Christmas Lesson - The Christmas Gift

This children's lesson follows the heart-warming story of a boy named Andrew who discovers the true meaning of Christmas and is given the greatest Christmas gift ever...Jesus. Because Jesus came, our sins can be forgiven and we can have eternal life when we ask Him to be our Forgiver, Leader and Friend.

Delivered Electronically - Instant Download


  • graphics for posters, social media, promotion
  • graphic slides for Power Point, Pro Presenter, Media Shout, Keynote
  • 5-minute countdown video
  • lesson videos that will capture kids' attention
  • lesson plan that fits large group format, small group format, traditional classroom format, mid-week format
  • lesson is hands-on, experiential and learner-based
  • lesson is flexible and editable to fit your specific ministry context
  • lesson connects with all learning styles
  • small group leader format that's easy-to-use and requires little prep

and much more...

Here is a sample of the lesson at this link.

Below is a video clip from the lesson. (if you are reading this in an email, the video can be accessed at this link)

The other resource is a Christmas family experience. 

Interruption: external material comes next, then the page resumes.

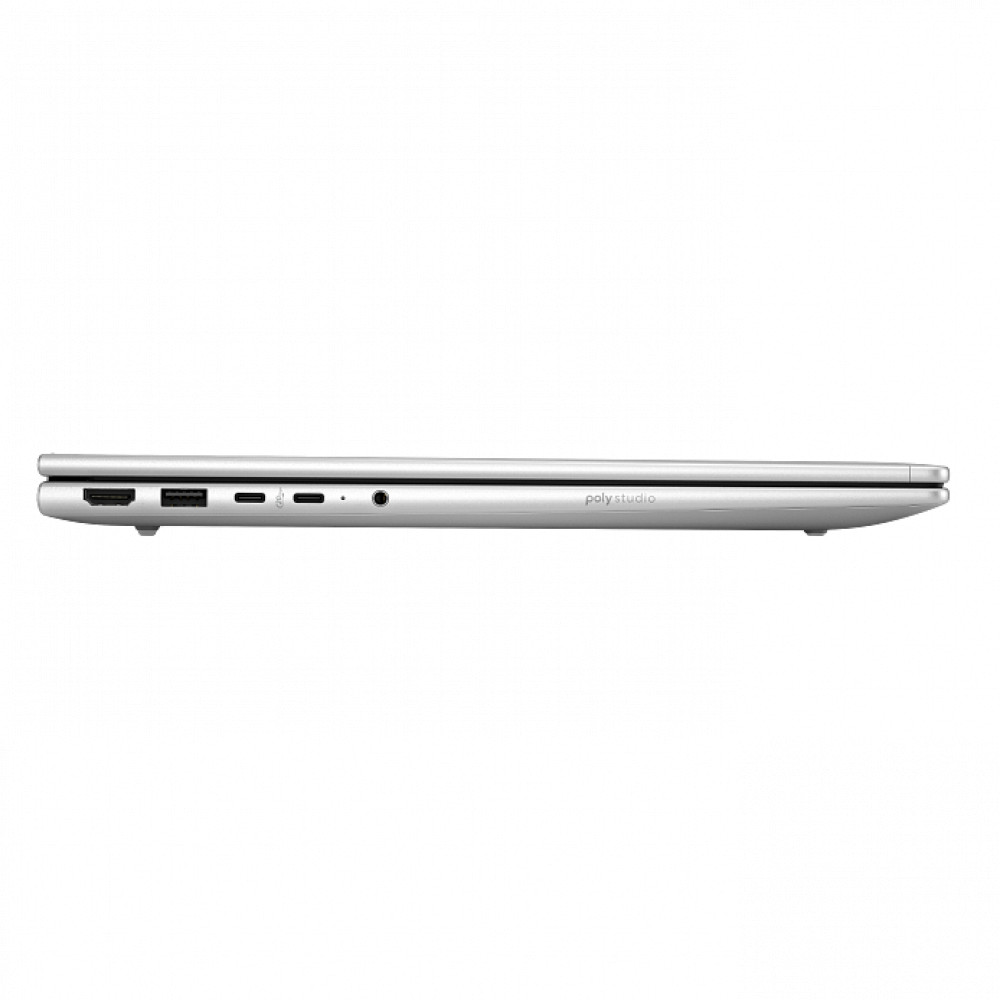 Ноутбук HP ProBook 4 G1i 16 AI D0UW2ET#BJA 16 ", WUXGA 1920x1200 (16:10), Intel, Core Ultra 5, 16 Гб, 512 ГБ, Intel Graphics - миниатюра 5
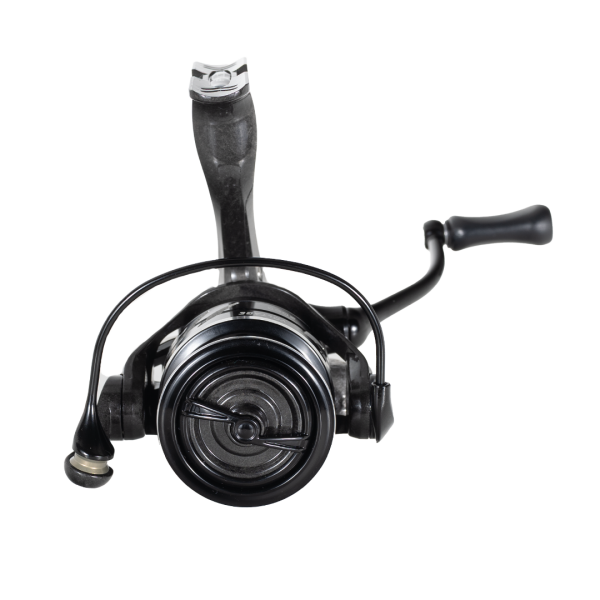 Ryuji Voltage 1000 5+1 Bilyalı 5.2:1 Devirli LRF Olta Makinesi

Who's This All About?" is a Christmas Family Experience that has been used by hundreds of churches of all sizes across the country. It is for kids and their parents to experience together. It tells the story of a young girl who discovers "Who" Christmas is really all about. Set in a "Whoville" like environment, it brings laughter, fun, music, games and storytelling together to create an experience families love. This is also a great outreach tool as families are looking for shared experiences during the Christmas season.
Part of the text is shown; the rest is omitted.